三賢人の学問探究ノート
ようやく武雄図書館に行くことができ、新刊本コーナーから借りてきた本の中の2冊です。
見出しは、タイトル本のサブタイトル、実は3部作で合計9人の賢人が紹介されているのですが、今回は特に興味があり、また関連も強い上記2冊。
(残る1冊は『社会を究める』-これは次回借りることにしました。)
スタディサプリの本なので、中・高生向け進路読本と位置付けられるのでしょうが、大人になって読んでも充分に面白かったです。
正直なところ、「中・高生の時に読みたかった!」ですが、それは言っても詮無い事。今、出会えただけでもラッキーでしょう。
6人の中で存じ上げなかったのは(著作を読んだことがなかったのは)英文学の廣野由美子先生だけ。
お一人だけ、毛色が違うなという印象だったのですが、考えてみれば『人間を究める』ー《人間とは何か?》に対するアプローチなのですから、多方面から考察するのが当然といえば当然。

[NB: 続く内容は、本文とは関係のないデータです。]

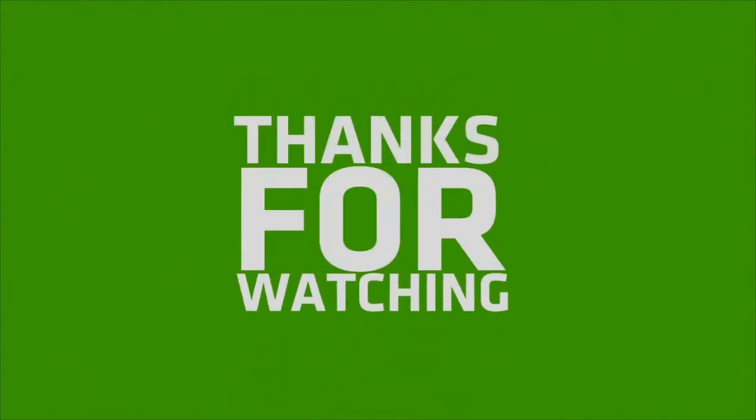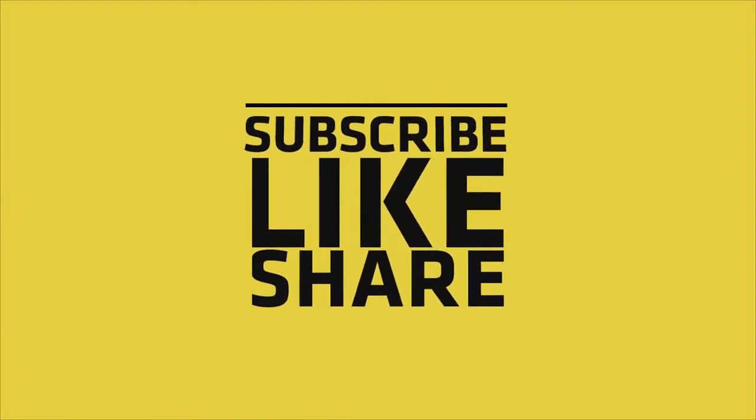If you like my video, please do like, share, and comment, and don't forget to subscribe to my channel and press the bell icon.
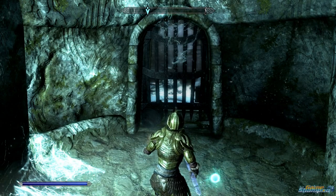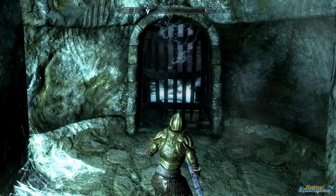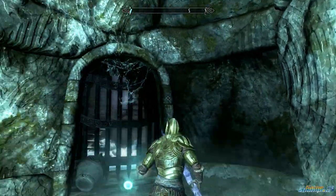Hey guys, this is Ron from GameShampoo.com. In this video I will show you how to open this door, which is behind the throne in Yngol Barrows.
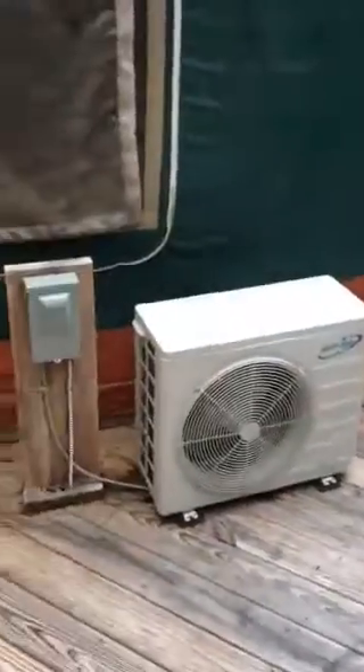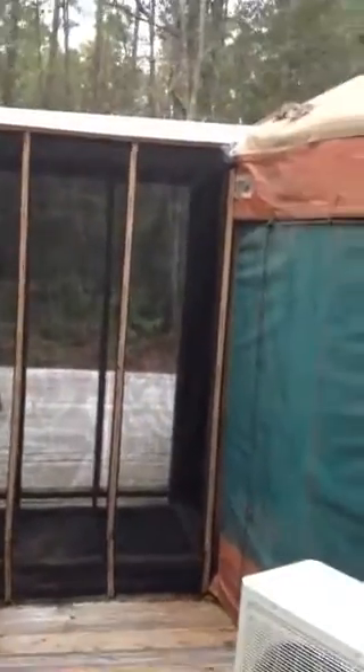Here's the heat pump — a two-ton unit there and the one-ton unit there. They've got their own separate circuit breakers. Everything was built to general residential code around here.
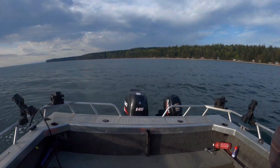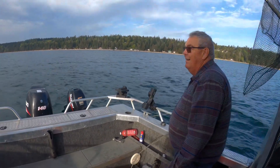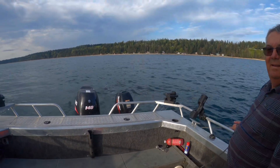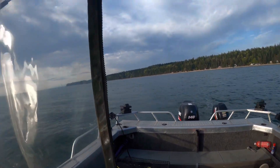Morning, Camper River. We're gonna try some prawning today with my buddy Dave. Hopefully we'll hook some, get some prawns today.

私は常々、哲学や心理学が《文系》の学問として位置づけられていることが納得できなかったのですが、そもそも理系や文系と分けること自体がおかしいですよね。
その廣野先生のページからの引用です。
同じく人間を描いているといっても、アメリカ文学なら~(中略)のように、極限状態に置かれた人間のあり方からその本質を描こうとする特色が目立ちます。それに対してイギリス文学では、ジェイン・オースティンの『高慢と偏見』に代表されるように、ごく平凡な日常生活の中での人間関係からその姿を描くことに重点が置かれたものが数多くあります。
さらに
「小説らしい小説」とは何かーそれは現実的な人間の営みを克明に描くことを通して、「人間とは何か?」をえぐり出すような物語です。
とありました。
一応、英文科卒でありながら、私はまじめに英文学に勤しむこともなく(実務的な英語に取り組むことすらなく)無意味な学生生活を送っていたのですが、そうか、そういう切り口もあったのか!と目からウロコでした。(返す返すも「せめて学生の時にこんな本に出会えていたら!」と残念です)
これを機会にジェイン・オースティンの著作、読んでみたいと思います。(まずは映画であらすじを頭に入れてから、原文に挑戦しましょうかね。)
上記のように文学的な視点から《人間とは何か》を探るのもアリだと今更ながら気付きはしましたが、やはり私のアプローチに最も近いのは(って、おこがましいこと甚だしいですが!ひらに、ひらにお許しくださいませm(__)m)
人工知能の松尾 豊先生や現代哲学の柴田正良先生。
まずは松尾先生から。
6人の先生方の中で唯一松尾先生だけが年下。ポケコンが世に出回り始めた80年代に小学生だったそう。こういうタイミングというのも、重要なファクターですよね。
ただ、ポケコンで遊んだ子ども達は沢山いてもその時に「小さなコンピュータの中の無限の可能性」に気付けたのは、松尾少年のようなひとにぎりの子どもだったに違いありませんけれど。
コンピュータに人間の意識をコピーすることを通じて「人間の意識って何?」と考えるのと同じように、自分が知能をつくる研究をすれば「自分って何?」という哲学の問いをコンピュータを通じて解明することができるかもしれないー。
(中略)
人間の脳もコンピュータも電気回路でできているとしたら、人間が考えたり認識したり記憶したりすることは、全て何らかの計算としてコンピュータで実現できるのではないか、と私は考えてたのです。
中略以降の文章については「科学者の中にも、人間の思考や感情をコンピュータの計算におきかえることができるという考えを否定している人もいます。」と断ってはおられますが、これについては私はどうこう言える立場ではありません。
ですが、科学者ではなく哲学者であられる柴田先生の考えには深く賛同しています。
この世界が物理的なものですべて決まっているとすれば、心にも必ずそれを支える物理的な現象があるはずです。それって何なのか、どういう物理現象が心をつくっているのかという問いを突き止めると、究極の形としてロボットという物体にどうやって心という機能を出現させるか、というところにたどり着くわけです。
お二人ともあくまで仮定の形で
「人間の脳もコンピュータも電気回路でできているとしたら」
「この世界が物理的なものですべて決まっているとすれば」
と書かれていますが、信念に近いものは読み取れます。
柴田先生の考えを実践されているのが、前に紹介した石黒先生—―
読書の醍醐味の一つは、こんな風に次から次へと繋がっていくことでしょうか?
とりあえず、今日はここまで。
次回「生命を究める」の方をメインに続編をアップします。